ASSIGNMENT: The answer must consist solely of the lines from the one with "Anti-DHH antibody produced" through the last line of the data, copied exactly, with no pictures.
··········
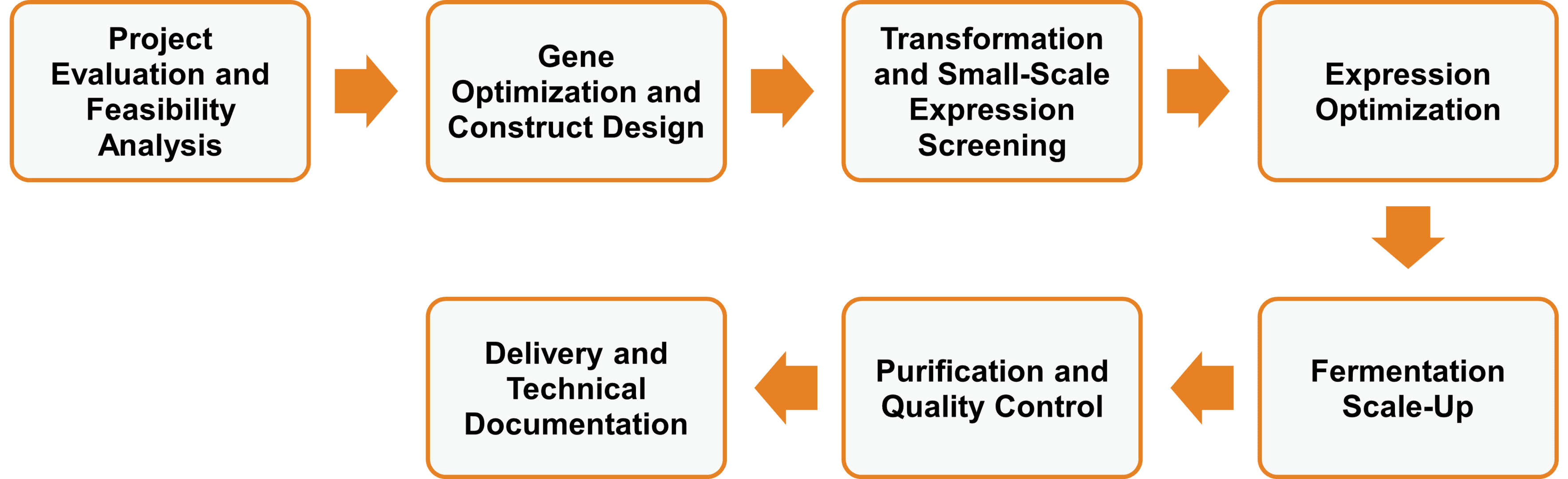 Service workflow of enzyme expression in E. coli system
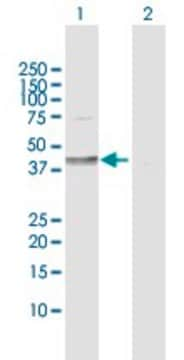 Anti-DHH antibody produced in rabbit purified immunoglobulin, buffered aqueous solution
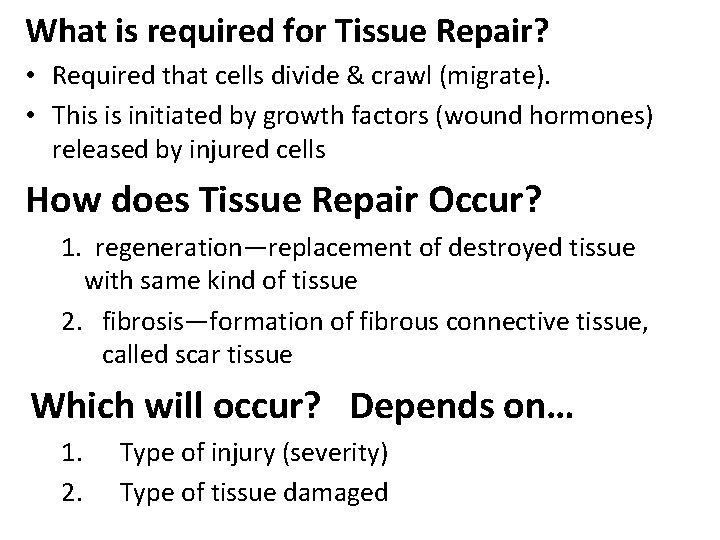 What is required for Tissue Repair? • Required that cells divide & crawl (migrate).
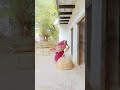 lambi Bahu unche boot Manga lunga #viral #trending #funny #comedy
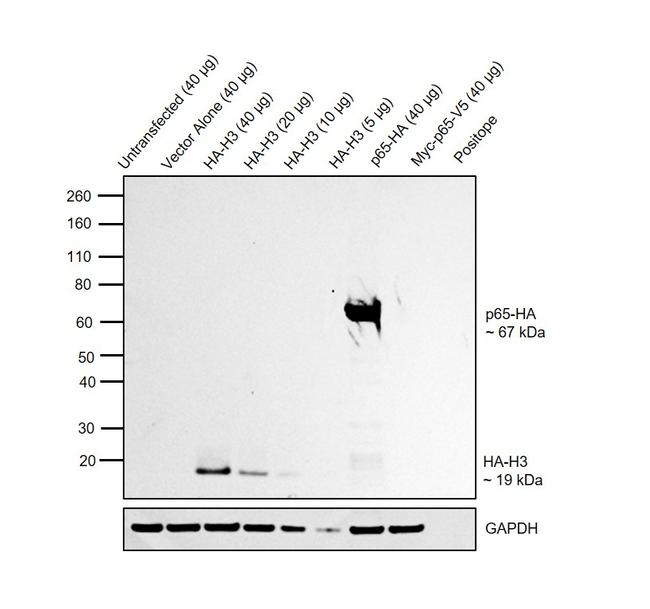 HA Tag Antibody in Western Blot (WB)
··········
EXPECTED OUTPUT:
 Anti-DHH antibody produced in rabbit purified immunoglobulin, buffered aqueous solution
 What is required for Tissue Repair? • Required that cells divide & crawl (migrate).
 lambi Bahu unche boot Manga lunga #viral #trending #funny #comedy
 HA Tag Antibody in Western Blot (WB)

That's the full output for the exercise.